PriceLab / STP

Code and commentary from The Self-Taught Programmer, Althoff 2016: python + R
Apache License 2.0
1 stars 0 forks source link

logical(true/false) #25

Open aishahmohamed98 opened 5 years ago

aishahmohamed98 commented 5 years ago

@paul-shannon Paul, here is a small snippet of code that you asked of me which generates a vector of 15 random true or false logicals using the runif function as well as the as.logical function!

x <- round(runif(15,0,1)) x.TorF <- as.logical(x)

Please let me know of any comments or improvements to the code i can make.

aishahmohamed98 commented 5 years ago

@paul-shannon Paul,

i've pushed an edited utils.R and test_utils.R onto the repo with the addition of a new function in utils.R, "generateRandomLogicals", and a test in test_utils.R that tests to see if the logicals thatre randomly generated are about 50/50. Please let me know what you think and of any comments for improvement.

paul-shannon commented 5 years ago

@aishahmohamed98 length(which(randoms)) will tell you how many of your returned vector are TRUE.

Keep in mind that runif is a pseudo-random (look that up!) function, so you will not know exactly what percentage of TRUEs you will get. By random bad luck, you could get very few!

One solution is to call set.seed(37) (where 37 could be any prime number) immediately before you call generateRandomLogicals(n) . Experiment with different values of the seed until you get a pretty balanced count of TRUE and FALSE. Then make that your basic test.

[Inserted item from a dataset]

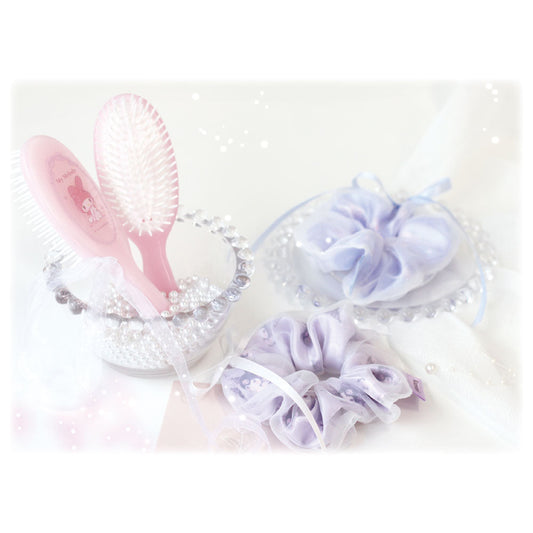 SANRIO | Kuromi Ribbon Layered Scrunchie Hair Accessory H108×W108mm (Balletcore)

A better test is to call generateRandomLogicals many times - say 100. Determine the percentage of TRUEs for each call. Over 100 calls, it should average out to about 50%.

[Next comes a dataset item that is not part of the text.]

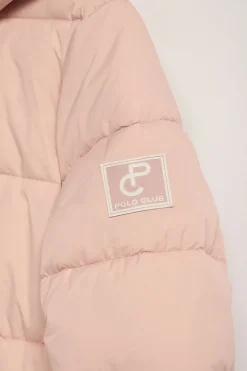 Abrigo Gracia rosa reversible con capucha fija y detalles Polo Club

So I propose: improve your very short & simple test_generateRandomLogicals using set.seed(n) after your experiments allow you to cherry pick a value of n that gives a good result - that is, which avoids the unlikely but completely possible eventuality that you get, say, 3 TRUES and 47 FALSEs.

Then write a new and more complicated test_generateRandomLogicals_monteCarlo (look up monte carlo & probability) which makes many calls, and only cares about the average TRUE/FALSE ratio across all of those calls.

This will be an excellent learning experience!

P.S. When I source('test_utils.R"); runTests() in a new R session, one of the tests failed. The lesson to be learned here: always run your tests, before a commit, from a brand new, completely clean R session. Then any lingering variables or functions still lying around from earlier work will not deceive you!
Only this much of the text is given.